The statement is either misleading or wrong, depending on interpretation. I defer to this answer for details, and for short version I cite my comments from under this answer
What I'm saying is, it's the right idea used in the wrong way. Yes, strictly speaking, bandlimited implies infinite knowledge: infinite sampling rate for all time. At the same time, even if we had a physical process that is truly periodic for as long as it exists, it still doesn't qualify, because it hasn't existed for infinite time in the past, and is yet to exist for infinite time in the future. Yet, this process qualifies perfectly for the motivation of the Fourier transform as a periodicity-mapping tool, and this motivation is lost when we try to be "strictly correct"

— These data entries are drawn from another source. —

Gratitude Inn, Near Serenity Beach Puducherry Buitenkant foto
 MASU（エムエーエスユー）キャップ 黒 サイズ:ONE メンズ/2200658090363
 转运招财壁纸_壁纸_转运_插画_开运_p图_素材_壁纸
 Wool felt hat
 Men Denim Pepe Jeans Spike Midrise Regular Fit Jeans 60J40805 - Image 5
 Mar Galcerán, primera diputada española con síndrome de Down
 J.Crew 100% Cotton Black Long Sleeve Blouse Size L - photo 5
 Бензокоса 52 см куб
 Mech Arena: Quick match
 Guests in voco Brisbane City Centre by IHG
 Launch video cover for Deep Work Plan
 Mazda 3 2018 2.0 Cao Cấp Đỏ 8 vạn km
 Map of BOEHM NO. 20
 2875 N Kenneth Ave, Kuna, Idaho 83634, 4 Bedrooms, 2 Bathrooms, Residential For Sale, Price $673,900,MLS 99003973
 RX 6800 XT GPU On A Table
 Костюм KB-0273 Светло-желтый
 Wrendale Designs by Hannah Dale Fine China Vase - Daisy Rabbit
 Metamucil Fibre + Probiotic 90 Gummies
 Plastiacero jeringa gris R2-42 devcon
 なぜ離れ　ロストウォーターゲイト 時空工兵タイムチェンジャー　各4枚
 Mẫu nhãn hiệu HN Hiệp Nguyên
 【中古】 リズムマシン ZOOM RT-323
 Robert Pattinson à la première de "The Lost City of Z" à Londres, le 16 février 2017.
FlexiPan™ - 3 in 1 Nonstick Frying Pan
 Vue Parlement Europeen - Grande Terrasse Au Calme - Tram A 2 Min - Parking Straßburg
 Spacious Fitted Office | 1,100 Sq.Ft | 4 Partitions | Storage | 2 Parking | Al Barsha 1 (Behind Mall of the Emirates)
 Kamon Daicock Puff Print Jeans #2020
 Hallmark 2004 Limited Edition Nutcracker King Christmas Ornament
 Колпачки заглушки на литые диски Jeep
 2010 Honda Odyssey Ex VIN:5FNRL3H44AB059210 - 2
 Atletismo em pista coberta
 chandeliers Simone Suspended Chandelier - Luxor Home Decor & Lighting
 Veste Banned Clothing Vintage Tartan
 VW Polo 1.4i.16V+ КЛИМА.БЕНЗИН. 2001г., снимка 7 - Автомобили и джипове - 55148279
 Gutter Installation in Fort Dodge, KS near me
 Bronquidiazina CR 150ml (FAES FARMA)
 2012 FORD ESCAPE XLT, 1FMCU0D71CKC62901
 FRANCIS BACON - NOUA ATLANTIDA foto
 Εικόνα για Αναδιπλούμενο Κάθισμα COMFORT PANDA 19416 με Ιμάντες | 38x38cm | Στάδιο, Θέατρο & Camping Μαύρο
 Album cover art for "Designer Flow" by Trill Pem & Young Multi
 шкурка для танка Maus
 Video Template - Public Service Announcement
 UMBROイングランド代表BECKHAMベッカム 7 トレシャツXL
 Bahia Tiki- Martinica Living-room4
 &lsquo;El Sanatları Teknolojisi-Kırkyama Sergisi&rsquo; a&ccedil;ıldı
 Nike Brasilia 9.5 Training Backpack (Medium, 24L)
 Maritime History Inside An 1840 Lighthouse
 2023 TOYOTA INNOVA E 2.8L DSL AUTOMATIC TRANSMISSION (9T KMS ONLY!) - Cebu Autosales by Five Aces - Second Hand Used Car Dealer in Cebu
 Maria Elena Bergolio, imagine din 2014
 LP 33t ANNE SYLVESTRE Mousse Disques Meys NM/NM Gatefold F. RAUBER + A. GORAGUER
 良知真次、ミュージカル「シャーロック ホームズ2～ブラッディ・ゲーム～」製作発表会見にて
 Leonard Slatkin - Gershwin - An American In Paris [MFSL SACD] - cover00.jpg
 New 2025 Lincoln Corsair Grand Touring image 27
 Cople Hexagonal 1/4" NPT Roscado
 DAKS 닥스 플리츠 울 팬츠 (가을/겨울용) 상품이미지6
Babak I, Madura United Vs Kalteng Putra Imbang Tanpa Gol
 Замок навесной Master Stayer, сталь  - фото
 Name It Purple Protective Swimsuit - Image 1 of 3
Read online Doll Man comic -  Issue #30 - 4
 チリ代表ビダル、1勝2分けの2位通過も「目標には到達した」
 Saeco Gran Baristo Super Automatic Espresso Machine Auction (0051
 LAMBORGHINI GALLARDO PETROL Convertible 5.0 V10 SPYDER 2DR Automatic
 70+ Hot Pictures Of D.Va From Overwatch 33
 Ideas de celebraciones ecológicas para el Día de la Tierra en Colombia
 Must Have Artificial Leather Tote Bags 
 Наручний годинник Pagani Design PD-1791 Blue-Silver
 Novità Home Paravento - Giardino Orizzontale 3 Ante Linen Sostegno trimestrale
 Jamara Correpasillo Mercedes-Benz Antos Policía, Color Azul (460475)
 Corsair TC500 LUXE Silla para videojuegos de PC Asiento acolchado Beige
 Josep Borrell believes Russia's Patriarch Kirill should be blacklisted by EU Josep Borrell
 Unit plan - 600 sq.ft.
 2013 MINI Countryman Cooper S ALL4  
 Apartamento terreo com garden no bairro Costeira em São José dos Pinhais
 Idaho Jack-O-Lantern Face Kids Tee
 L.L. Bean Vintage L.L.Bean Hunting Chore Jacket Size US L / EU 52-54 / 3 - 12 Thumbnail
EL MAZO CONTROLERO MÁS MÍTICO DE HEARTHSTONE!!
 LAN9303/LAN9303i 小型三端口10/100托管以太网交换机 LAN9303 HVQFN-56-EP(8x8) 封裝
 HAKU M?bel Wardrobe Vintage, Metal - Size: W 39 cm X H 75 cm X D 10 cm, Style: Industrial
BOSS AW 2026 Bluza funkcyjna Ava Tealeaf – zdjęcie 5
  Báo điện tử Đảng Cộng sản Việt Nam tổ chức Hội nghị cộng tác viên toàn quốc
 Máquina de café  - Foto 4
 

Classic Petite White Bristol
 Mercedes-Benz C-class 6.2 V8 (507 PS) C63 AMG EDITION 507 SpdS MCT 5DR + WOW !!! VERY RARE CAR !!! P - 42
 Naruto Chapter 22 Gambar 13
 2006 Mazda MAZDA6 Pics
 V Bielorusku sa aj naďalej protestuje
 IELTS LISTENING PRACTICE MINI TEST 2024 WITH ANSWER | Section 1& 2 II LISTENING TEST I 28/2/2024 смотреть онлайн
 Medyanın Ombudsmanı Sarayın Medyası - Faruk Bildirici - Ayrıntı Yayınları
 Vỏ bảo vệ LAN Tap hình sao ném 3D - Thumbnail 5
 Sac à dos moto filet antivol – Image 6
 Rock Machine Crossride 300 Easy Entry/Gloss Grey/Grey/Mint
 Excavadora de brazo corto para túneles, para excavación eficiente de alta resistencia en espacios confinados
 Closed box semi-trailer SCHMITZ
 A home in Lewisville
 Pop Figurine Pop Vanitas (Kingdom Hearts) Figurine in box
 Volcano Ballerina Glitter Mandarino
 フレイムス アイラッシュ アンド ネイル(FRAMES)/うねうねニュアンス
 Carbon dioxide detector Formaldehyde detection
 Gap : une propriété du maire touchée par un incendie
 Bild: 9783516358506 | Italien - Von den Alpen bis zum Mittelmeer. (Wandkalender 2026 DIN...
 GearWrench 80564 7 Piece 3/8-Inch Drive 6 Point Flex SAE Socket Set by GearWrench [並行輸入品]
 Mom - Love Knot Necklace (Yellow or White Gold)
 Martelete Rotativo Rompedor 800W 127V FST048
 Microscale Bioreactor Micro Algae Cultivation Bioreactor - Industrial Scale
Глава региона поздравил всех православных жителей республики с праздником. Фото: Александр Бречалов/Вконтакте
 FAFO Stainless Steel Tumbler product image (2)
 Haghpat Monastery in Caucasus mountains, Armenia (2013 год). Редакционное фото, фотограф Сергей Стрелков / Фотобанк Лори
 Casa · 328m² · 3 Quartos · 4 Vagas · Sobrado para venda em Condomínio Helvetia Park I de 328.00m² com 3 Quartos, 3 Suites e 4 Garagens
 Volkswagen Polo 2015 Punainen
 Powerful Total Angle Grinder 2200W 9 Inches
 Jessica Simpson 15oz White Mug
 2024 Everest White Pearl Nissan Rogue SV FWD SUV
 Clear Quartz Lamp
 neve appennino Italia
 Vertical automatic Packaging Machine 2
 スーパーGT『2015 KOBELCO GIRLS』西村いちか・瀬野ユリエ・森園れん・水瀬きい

I insist on this point because of the misleading implication that, essentially, a periodic physical process can't exist. I'm no quantum mechanic but I think EM waves in vacuum defy this. The full model of "frequency" then consists of at least two relations, one being the laws that govern the photon, another the Fourier transform, and using latter without former is simply wrong. A "system of equations" if you will. If we know something is physically periodic, we should be able to call it bandlimited.
Moreover, to comment on the quote in question, the only thing that Fourier theory says about "not bandlimited" is, that sinc interpolation won't recover it perfectly. That doesn't mean nothing else will. For example, if we make a synthetic, perfectly bandlimited image, we can do full recovery perfectly. But if we simply crop the same image, it's aliasing, and we can no longer do so. I doubt anyone would otherwise call cropping "aliasing".